------ Material for this task
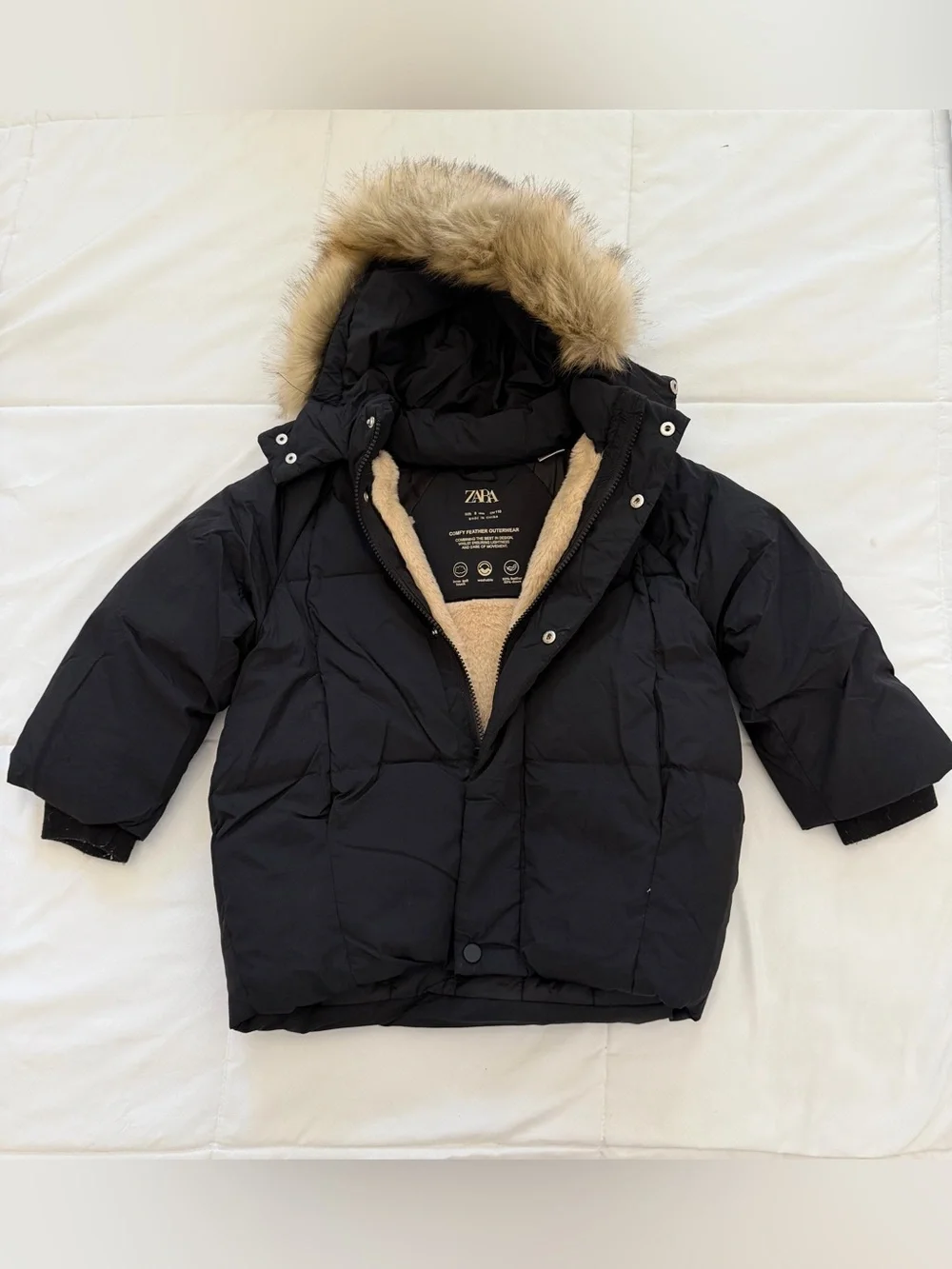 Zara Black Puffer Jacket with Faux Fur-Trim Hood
------------
------ Material for this task
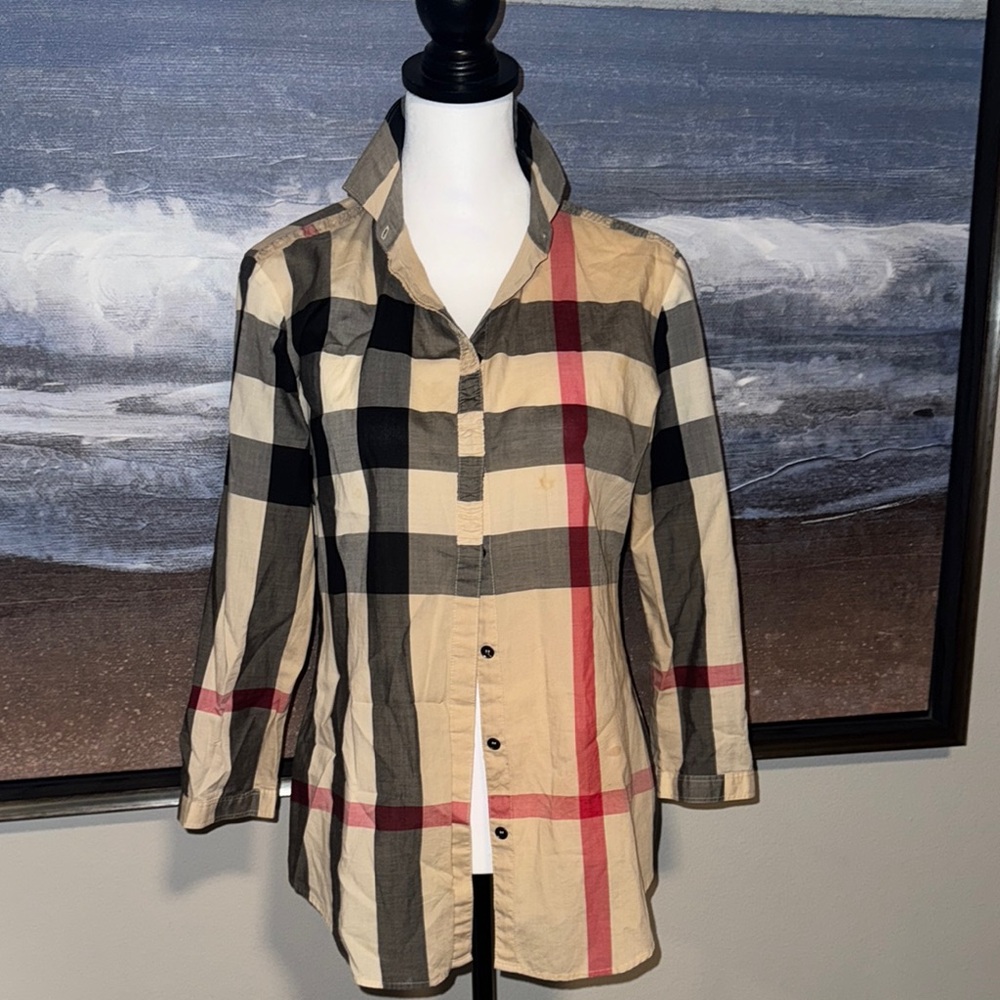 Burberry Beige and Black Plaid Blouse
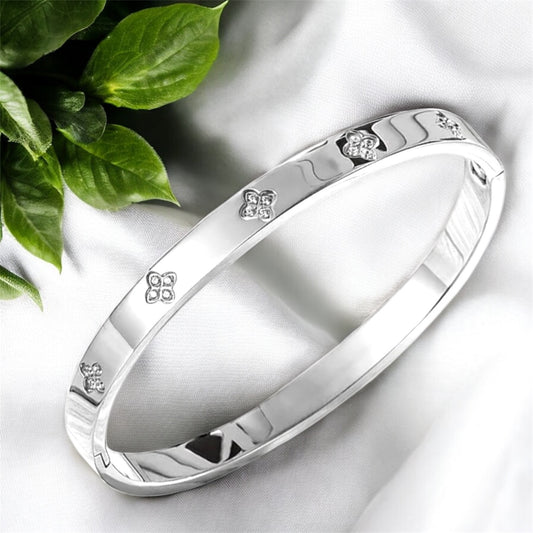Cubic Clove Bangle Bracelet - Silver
------------
------ Material for this task
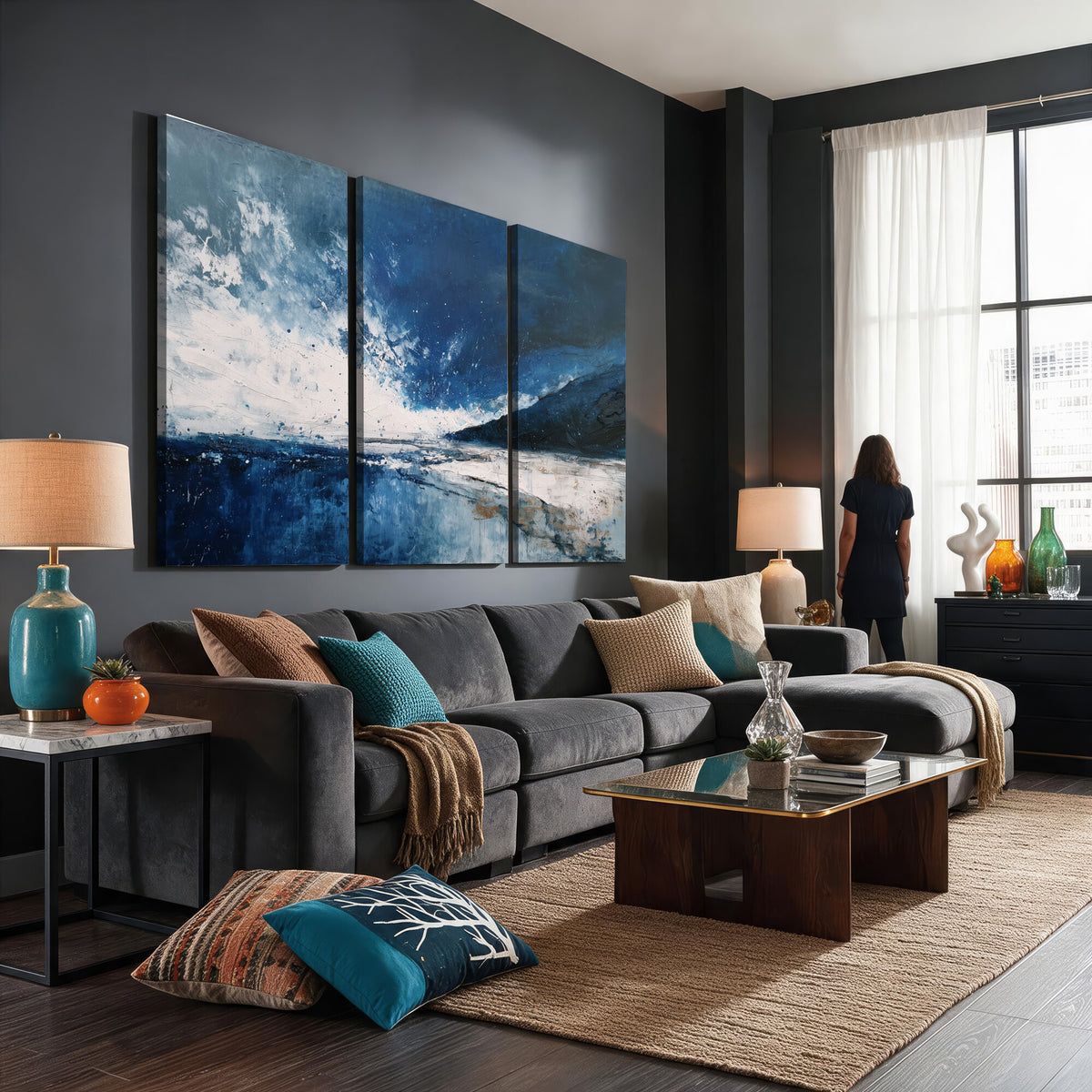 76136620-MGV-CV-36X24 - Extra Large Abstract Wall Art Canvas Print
------------
- [What to work on]:
Write back word for word every line in the entries above from the one with "Burberry Beige and Black Plaid Blouse" to the one with "Cubic Clove Bangle Bracelet - Silver", ends included, and none of the pictures.

- [Task solution]:
 Burberry Beige and Black Plaid Blouse
Cubic Clove Bangle Bracelet - Silver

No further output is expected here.